RECORDS FOR THIS EXERCISE:
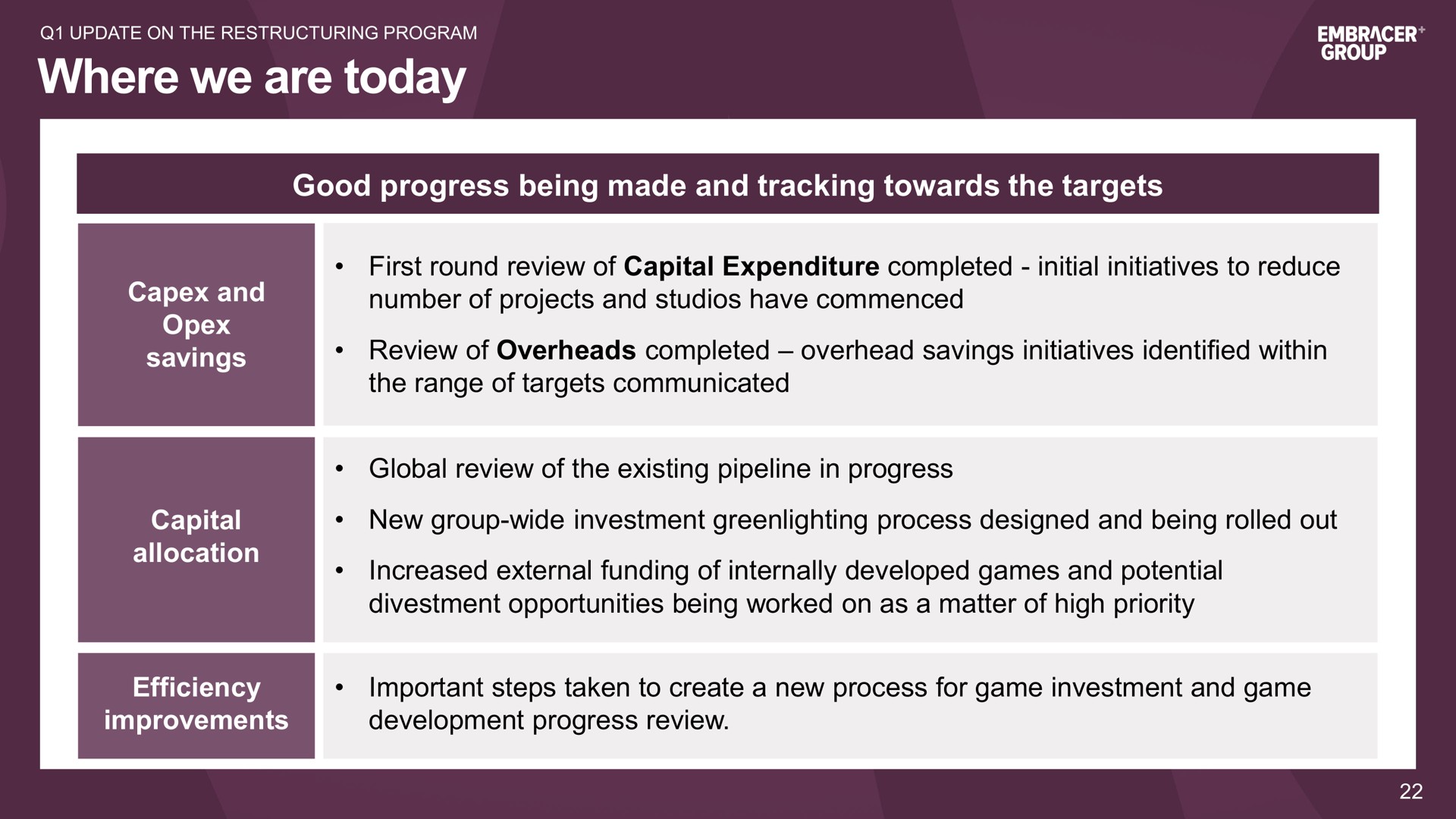Table slide 22 from Embracer Group — Embracer Group Interim Report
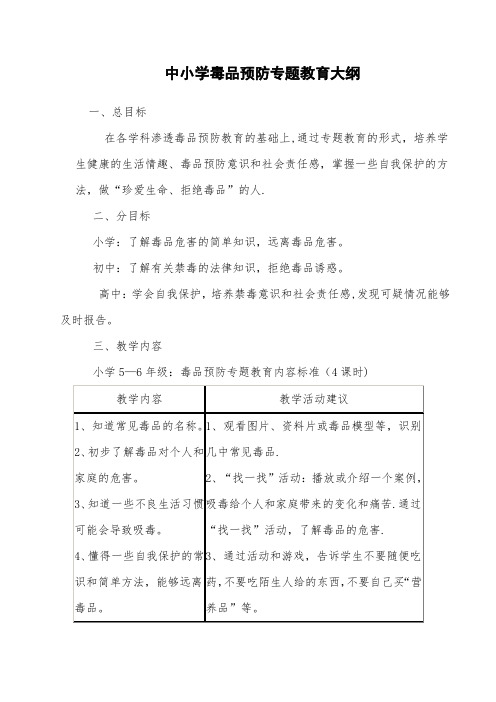 中小学毒品预防专题教育大纲(1)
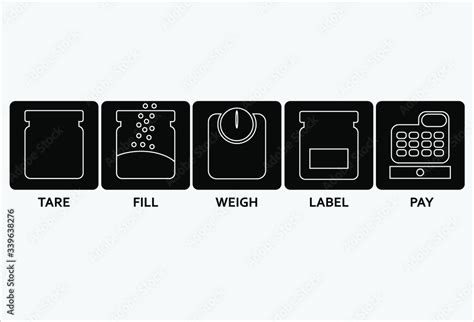 Vector design template – zero waste concept. Refill icon illustration. Infographic of living ...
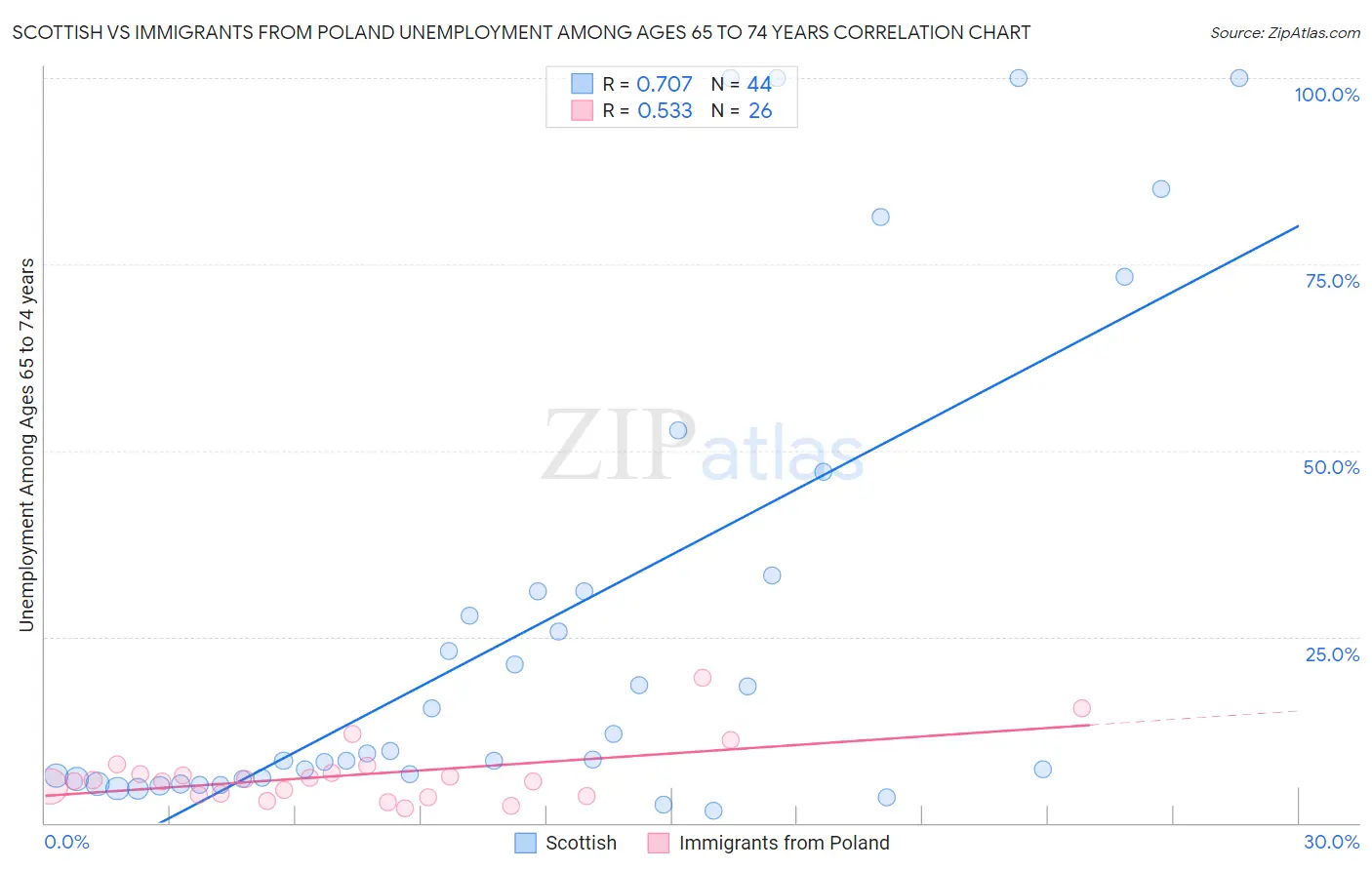 Scottish vs Immigrants from Poland Unemployment Among Ages 65 to 74 years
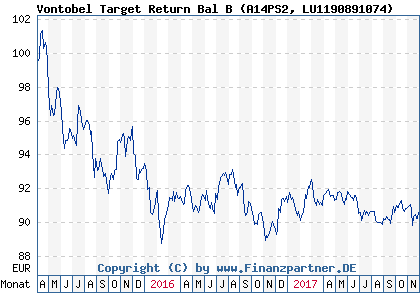 Chart: Vontobel Target Return Bal B (A14PS2 LU1190891074)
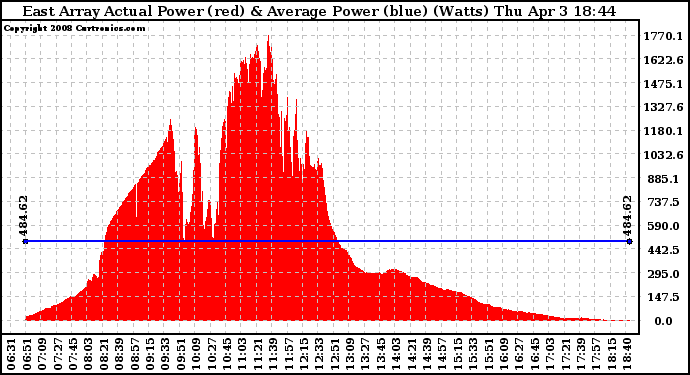 Solar PV/Inverter Performance East Array Actual & Average Power Output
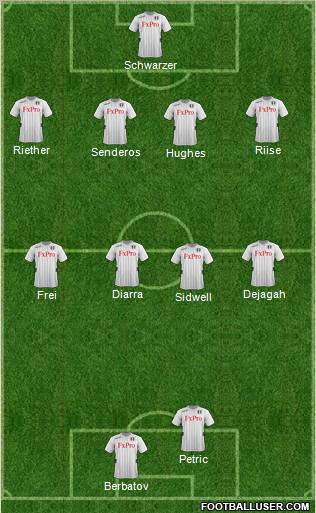 Fulham Formation 2012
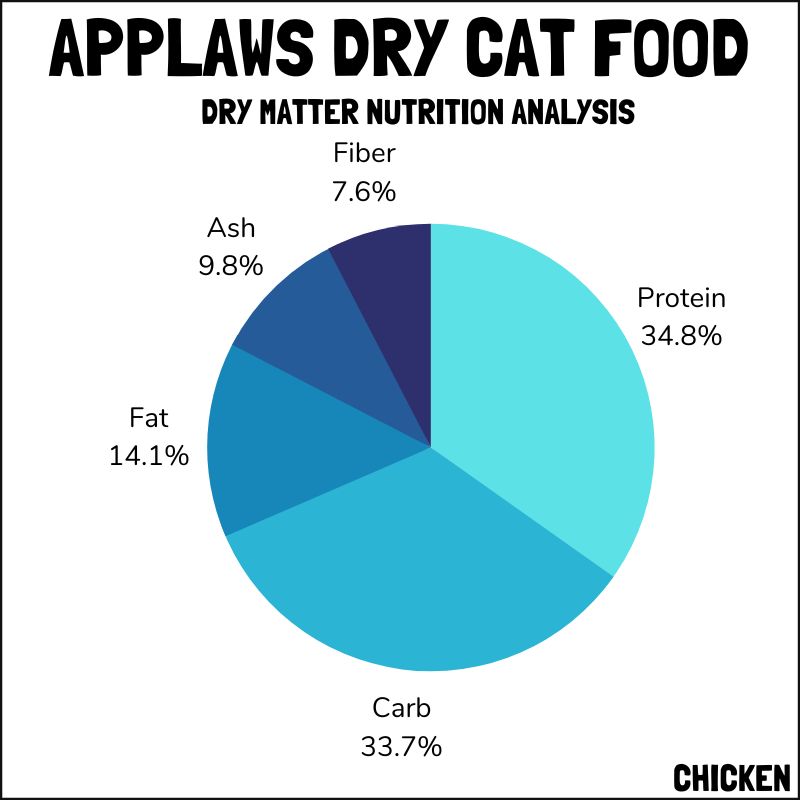 Applaws dry cat food dry matter nutrition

TASK TO COMPLETE: Retype the data above exactly; pictures are not part of the copy.

OUTPUT FOR THIS TASK:
Table slide 22 from Embracer Group — Embracer Group Interim Report
 中小学毒品预防专题教育大纲(1)
 Vector design template – zero waste concept. Refill icon illustration. Infographic of living ...
 Scottish vs Immigrants from Poland Unemployment Among Ages 65 to 74 years
 Chart: Vontobel Target Return Bal B (A14PS2 LU1190891074)
 Solar PV/Inverter Performance East Array Actual & Average Power Output
 Fulham Formation 2012
 Applaws dry cat food dry matter nutrition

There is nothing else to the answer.